* _What needs to be done_
All that is needed is an exact repetition of the lines from the one containing "Alumnos del colegio" through the final line of the material, without pictures.

* _Supplied data_
──────────
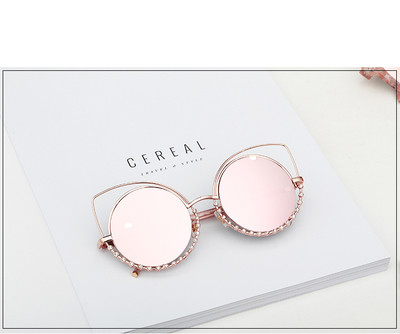 Нестандартни дамски слънчеви очила с кръгла форма и камъни в няколко цвята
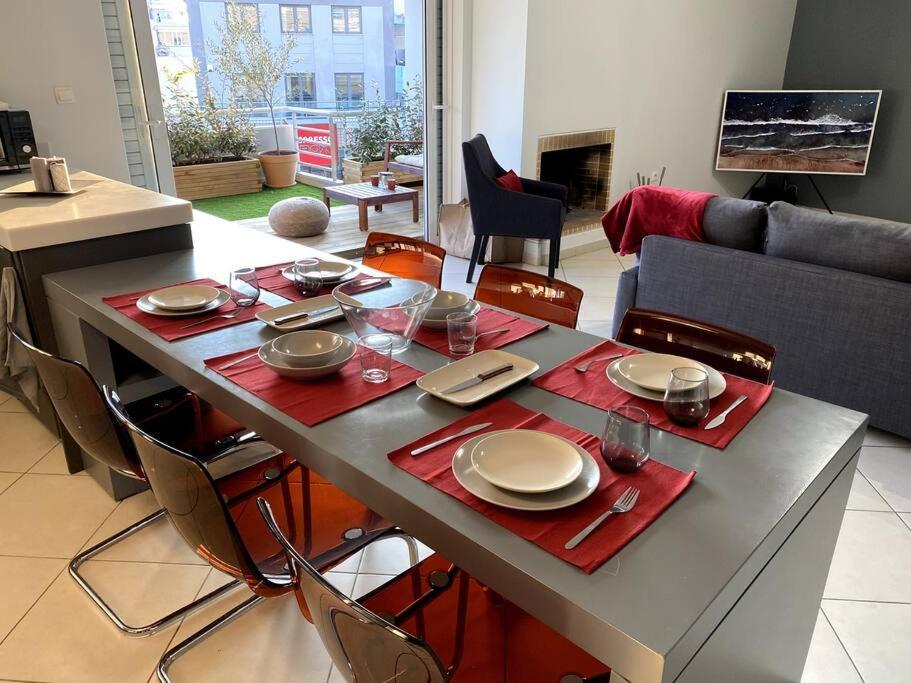 Spacious And Sunkissed 3Br & 2 Bathrooms Apartment 雅典 外观 照片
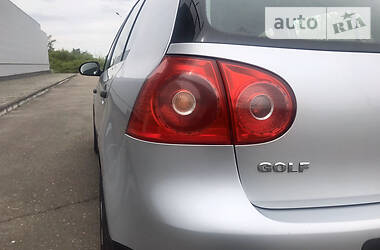 Хэтчбек Volkswagen Golf 2008 в Виноградове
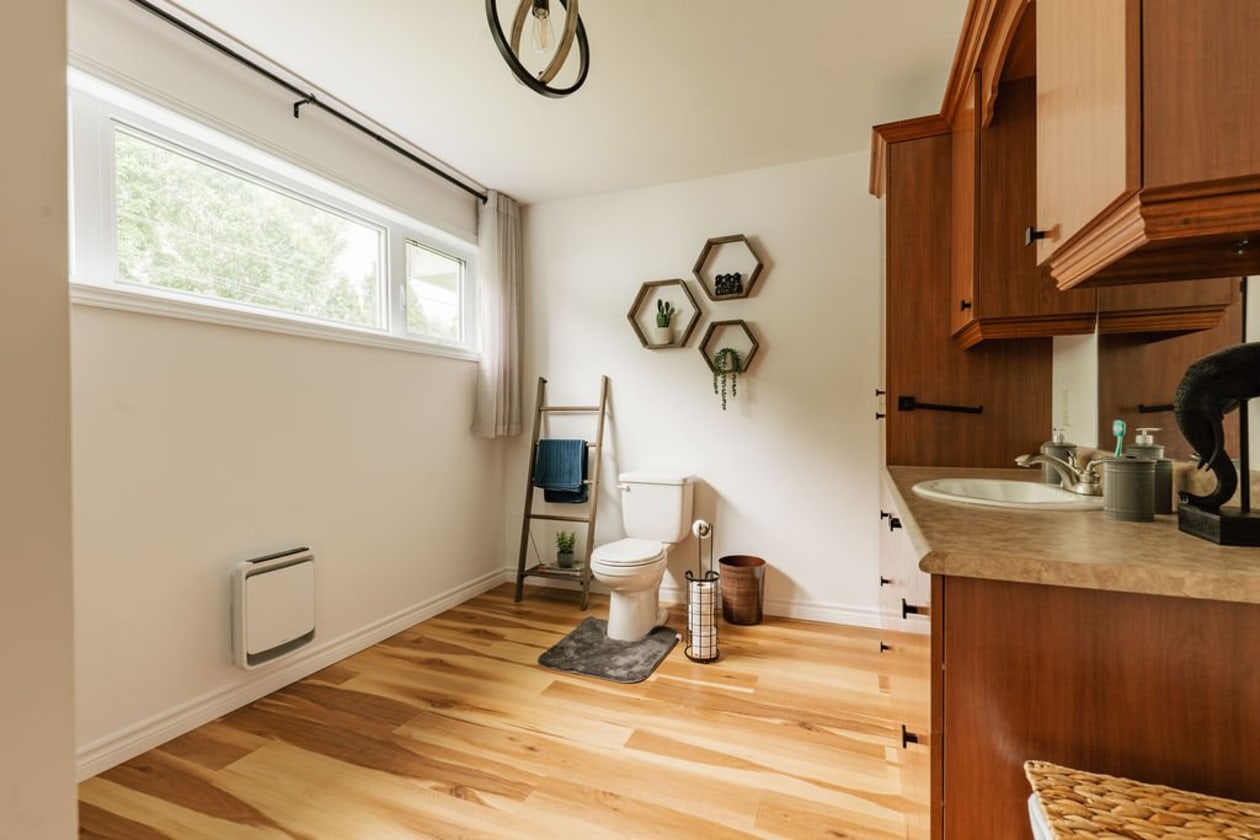 Salle de bains — 109, Rue Lavoie, Saint-Gédéon, G0W2P0, Saint-Gédéon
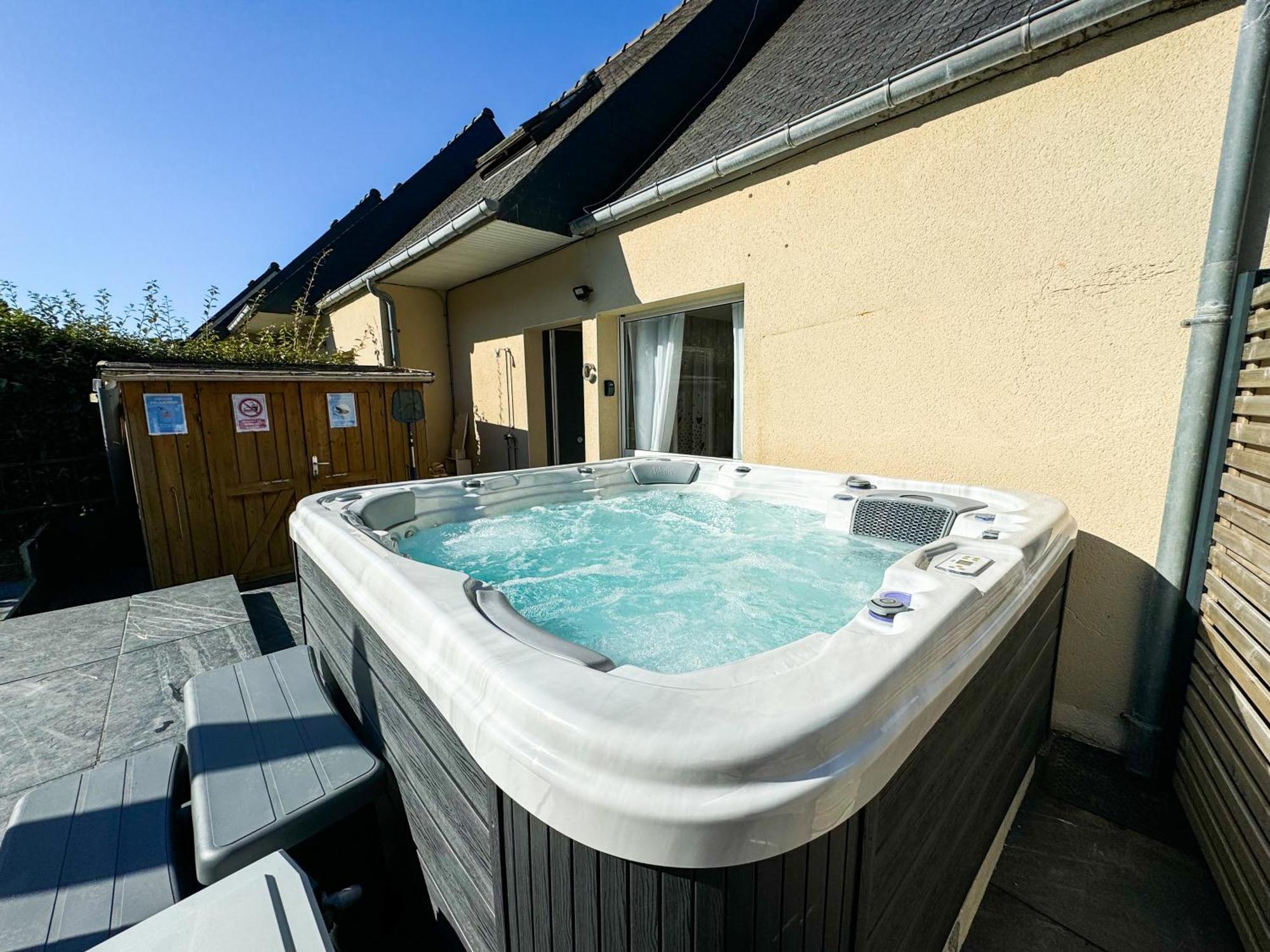 Jacuzzi Professionel Les Pieds Dans L'Eau Plage A 50 M Trévou-Tréguignec Екстериор снимка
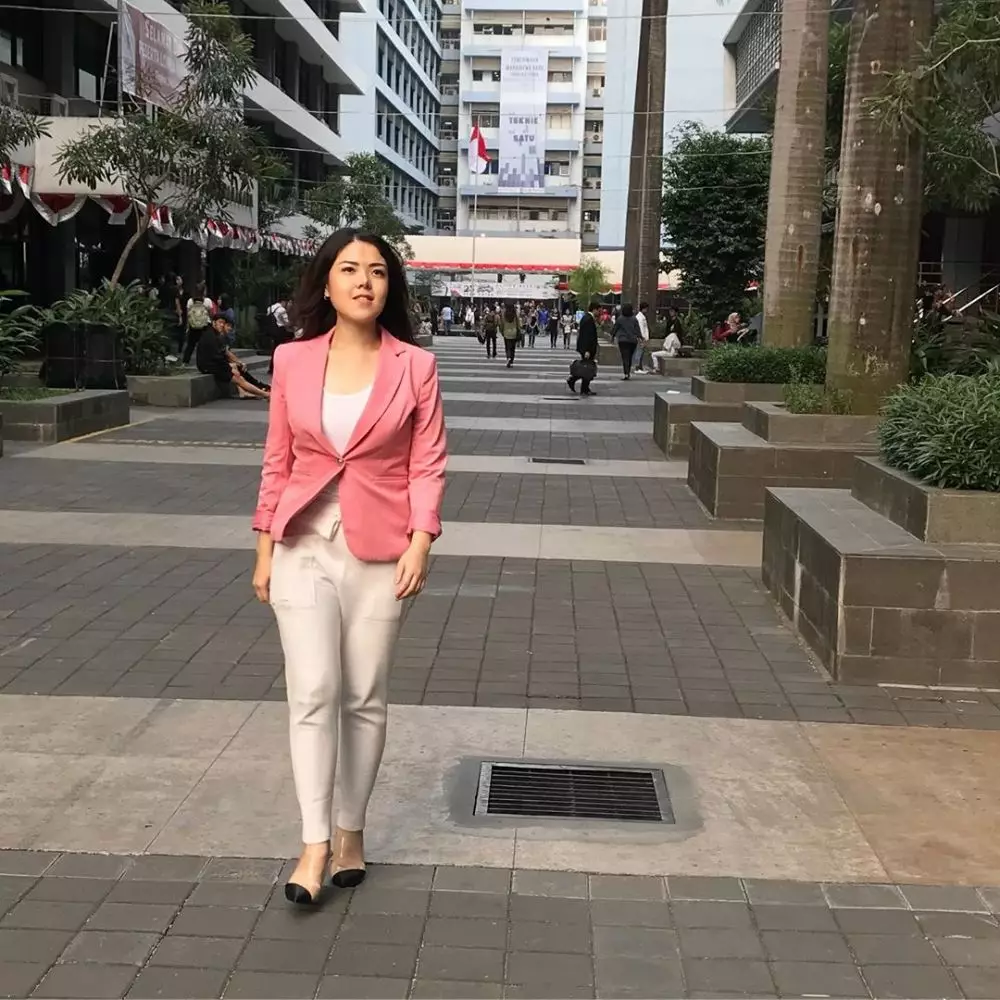 potret Tina Toon jadi anggota dewan © 2020 brilio.net Instagram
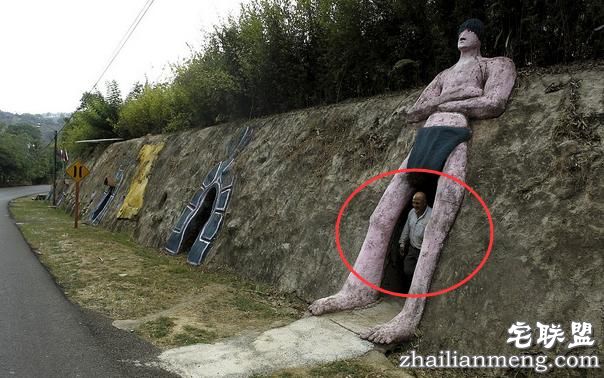 男子不停在这挖掘所有人以为他疯了,12年后被他的成品惊掉下巴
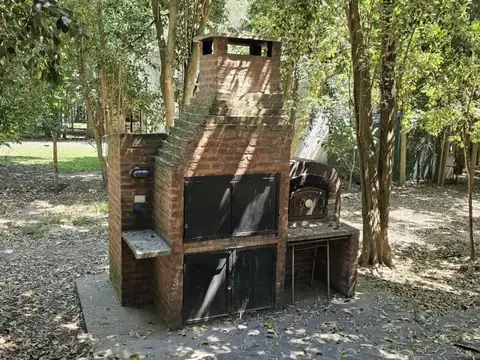 Casa en Venta con 4 cocheras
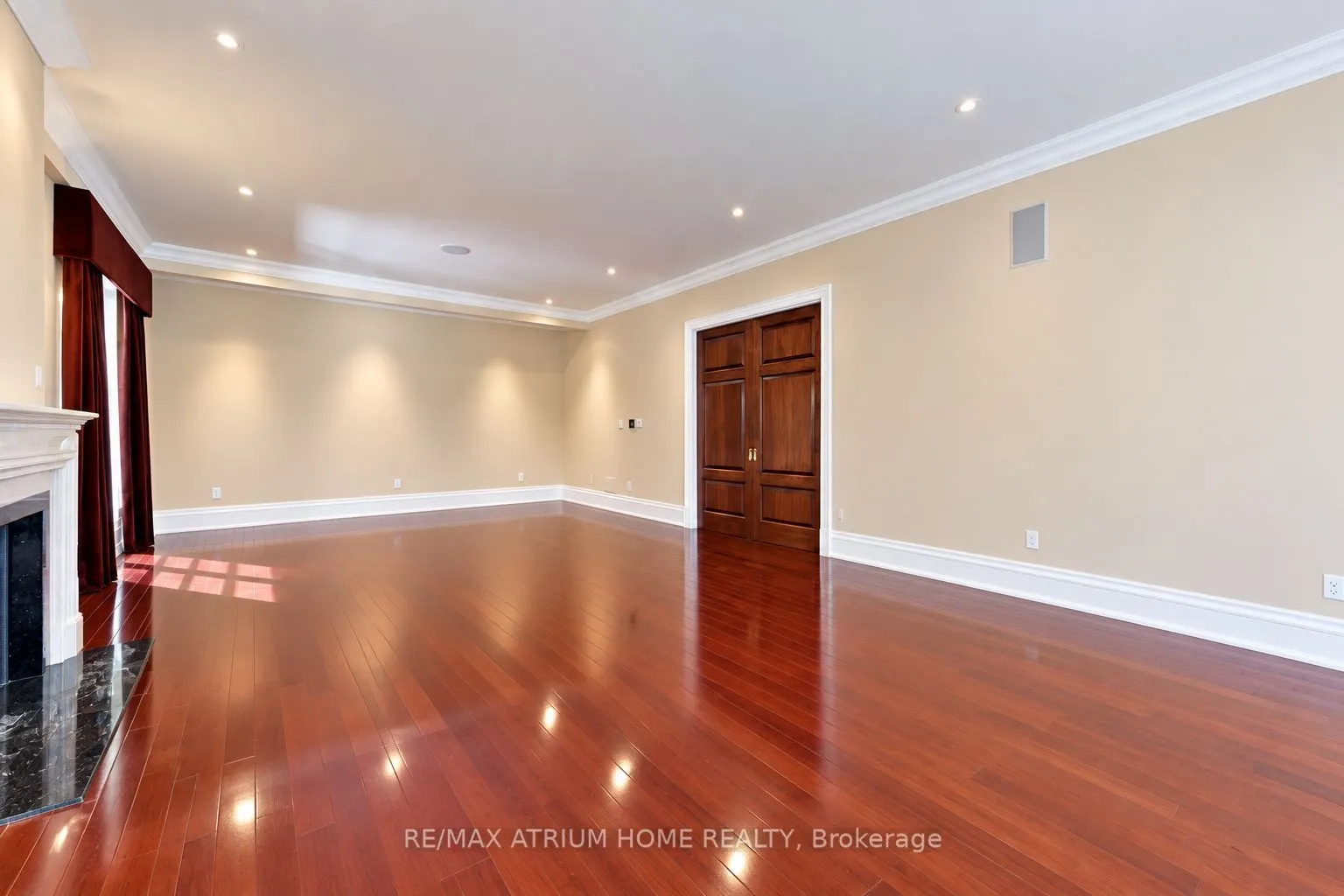 65 Kingswood Drive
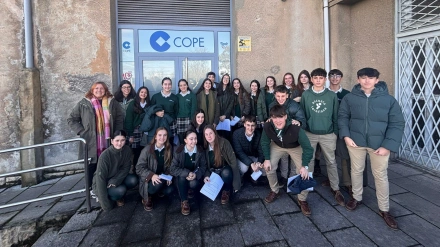 Alumnos del colegio Santa Teresa de Jesús de Oviedo, en COPE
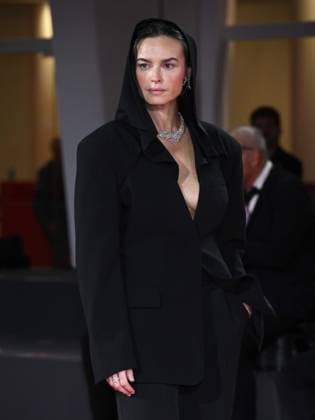 Venice, Italy: Venice, 82nd Venice International Film Festival 2025 - Evening 4 - Red Carpet for the film Valley of Smiles. Pictured: Kasia Smutniak Venice Italy  - ZUMAp169 20250830_zea_p169_1791 Copyright: xSimonexComix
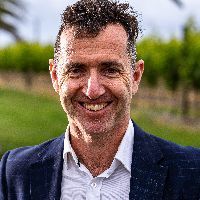 Webinar hosting presenter 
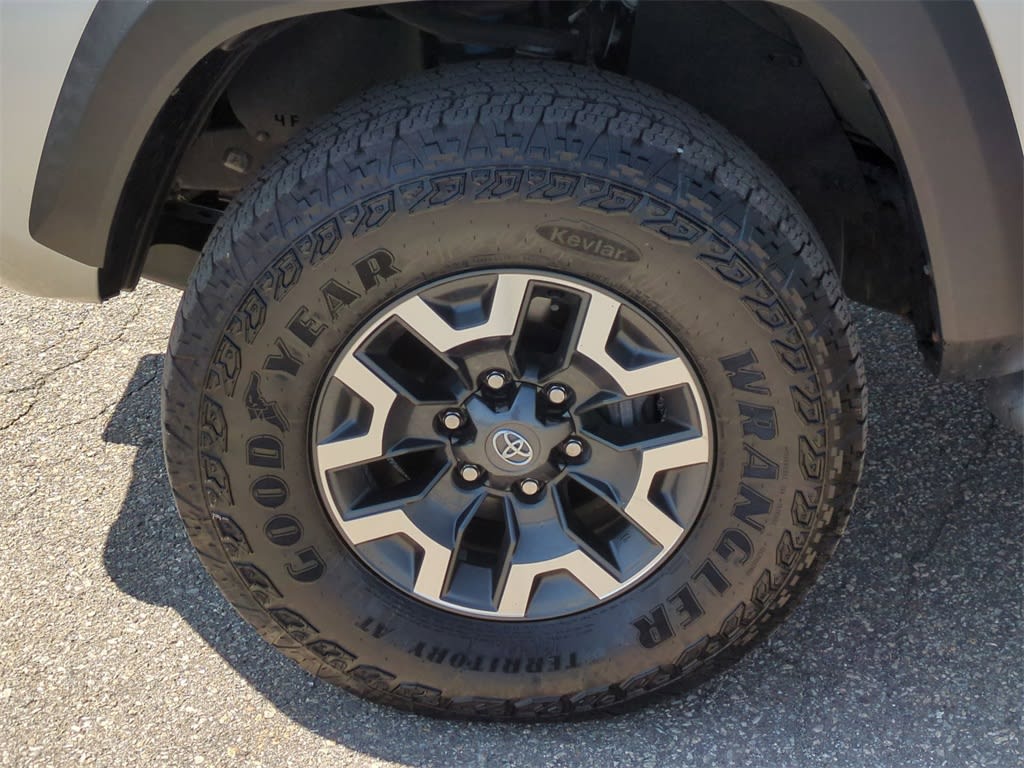 2022 Toyota Tacoma TRD Off-Road 6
──────────
* _Answer below_
 Alumnos del colegio Santa Teresa de Jesús de Oviedo, en COPE
 Venice, Italy: Venice, 82nd Venice International Film Festival 2025 - Evening 4 - Red Carpet for the film Valley of Smiles. Pictured: Kasia Smutniak Venice Italy  - ZUMAp169 20250830_zea_p169_1791 Copyright: xSimonexComix
 Webinar hosting presenter 
 2022 Toyota Tacoma TRD Off-Road 6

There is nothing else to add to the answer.